--- What to do ---
Please restate, word for word, the lines below that begin at the one with "Anchor Energy" and end at the one with "Page 12 of Chapter 72". Leave out all other lines.

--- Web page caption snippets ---
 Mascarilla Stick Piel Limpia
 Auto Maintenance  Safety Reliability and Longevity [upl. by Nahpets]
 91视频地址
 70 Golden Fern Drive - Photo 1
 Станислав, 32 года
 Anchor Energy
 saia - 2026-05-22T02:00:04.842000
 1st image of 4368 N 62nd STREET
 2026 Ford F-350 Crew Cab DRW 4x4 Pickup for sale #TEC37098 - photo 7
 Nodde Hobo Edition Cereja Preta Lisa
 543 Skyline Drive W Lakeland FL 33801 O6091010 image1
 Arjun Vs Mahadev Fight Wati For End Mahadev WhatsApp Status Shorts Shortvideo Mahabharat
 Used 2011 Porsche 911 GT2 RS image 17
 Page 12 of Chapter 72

---

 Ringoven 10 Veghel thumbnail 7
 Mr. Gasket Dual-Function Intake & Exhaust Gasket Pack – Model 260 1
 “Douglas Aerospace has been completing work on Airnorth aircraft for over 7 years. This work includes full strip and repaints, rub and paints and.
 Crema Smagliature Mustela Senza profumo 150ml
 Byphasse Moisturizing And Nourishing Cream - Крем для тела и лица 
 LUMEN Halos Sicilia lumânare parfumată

--- Answer space ---
 Anchor Energy
 saia - 2026-05-22T02:00:04.842000
 1st image of 4368 N 62nd STREET
 2026 Ford F-350 Crew Cab DRW 4x4 Pickup for sale #TEC37098 - photo 7
 Nodde Hobo Edition Cereja Preta Lisa
 543 Skyline Drive W Lakeland FL 33801 O6091010 image1
 Arjun Vs Mahadev Fight Wati For End Mahadev WhatsApp Status Shorts Shortvideo Mahabharat
 Used 2011 Porsche 911 GT2 RS image 17
 Page 12 of Chapter 72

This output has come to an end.